Le Lausannois François Gervaix a été le plus rapide sur les 110 km de la 2e édition du LG Trail.

Genève, le 22 septembre 2018. Arrivée à Genève de la course à pied LG Trail. Cette course fait un parcours de 110 km au départ de Lausanne. Elle se court en relais 4 (dossard violet).
Genève, le 22 septembre 2018. Arrivée à Genève de la course à pied LG Trail. Cette course fait un parcours de 110 km au départ de Lausanne. Elle se court en relais 4 (dossard violet).
Magali Girardin

Courir de Lausanne à Genève en passant par la Dôle (1677 m) et le merveilleux balcon que constituent les crêtes du Jura, soit un périple de 110 kilomètres, il fallait y songer. Benoît Frou et son équipe l’ont fait et le succès de la 2e édition, samedi, leur donne raison avec deux nouvelles courses au programme, dont une nocturne sur 18 km dans le chef-lieu vaudois. Il y a eu deux fois plus de participants (800) que la première. Les organisateurs sont parvenus, selon leur objectif, à attirer les sportifs locaux pour un événement qui leur offre un regard neuf sur leur région.

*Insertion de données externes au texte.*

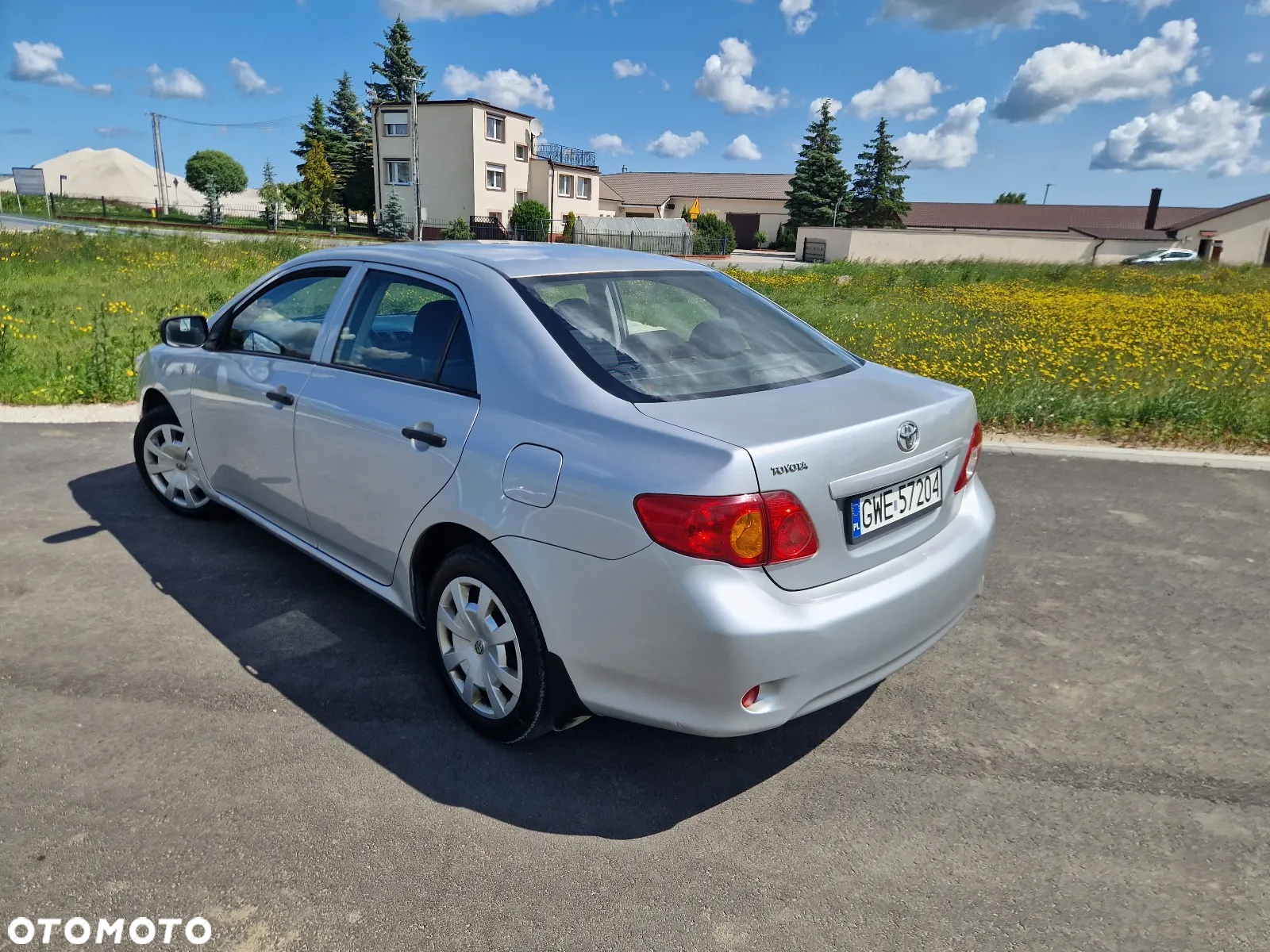 Toyota Corolla 1.6 VVT-i Sol - 11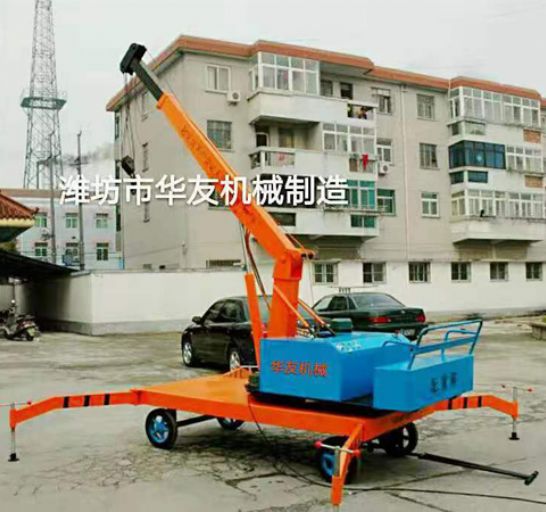 點擊查看詳細(xì)信息<br>標(biāo)題：裝車卸貨 車間碼頭 魚塘吊機(jī) 閱讀次數(shù)：2068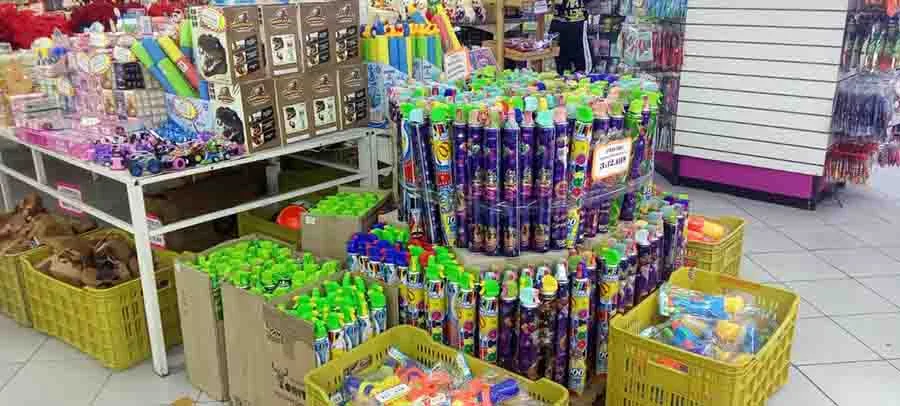 Prohibición del uso de tánganas y espumas durante carnaval en varios municipios de Venezuela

L’épreuve majeure (on courait également sur 51 km et en relais par quatre) a couronné le Vaudois François Gervaix, vainqueur devant les Bains des Pâquis en 11h54’09’’, un chrono inférieur de 2’07’’ à celui réalisé l’an dernier par le Britannique McMillan.

«J’habite Lausanne et je suis descendu à pied jusqu’au départ, à Coubertin», expliquait le vainqueur, 4e l’an dernier après s’être égaré un moment sur le parcours. «Je suis revenu avec des ambitions, mais il faut de l’opportunisme, du réalisme pour gagner», ajoutait l’ingénieur géomètre de 48 ans, qui s’est offert à l’arrivée un roulé-boulé nocturne…

«Les conditions étaient parfaites et le parcours magnifique. Des sommets, on apercevait le Mont-Blanc et le Jet d’eau était en vue trois heures avant de couper la ligne d’arrivée», s’enthousiasmait François Gervaix, rejoint dans sa satisfaction par son dauphin, le Genevois Nicolas Papi, arrivé 4’26’’ plus tard pour sa première expérience. «C’est inespéré, j’avais juste pour but de terminer. Le départ à 2h du matin a été difficile, mais j’ai trouvé mon rythme. J’ai appris à mi-parcours que j’étais dans les cinq premiers, ce qui m’a galvanisé», racontait le Troinésien. La Française Laure Menin a triomphé chez les dames en 14h04’52.»

De Reykjavik ou de Tokyo

«Le bilan est très positif. Après les critiques essuyées l’an passé, nous avions adressé un questionnaire aux concurrents. Leurs réponses nous ont permis de travailler les points faibles. Nous n’avons reçu cette fois que des compliments, même si la journée a été compliquée en raison d’une météo capricieuse. Au départ, c’était carrément dantesque, avec cette bise, ces embruns sur le Léman… Le froid a mis certains concurrents en difficulté et il a fallu s’organiser pour les ramener au bercail», racontait Benoît Frou, organisateur comblé d’une course qui a même attiré des coureurs venus de Moscou, Reykjavik, Séoul ou Tokyo.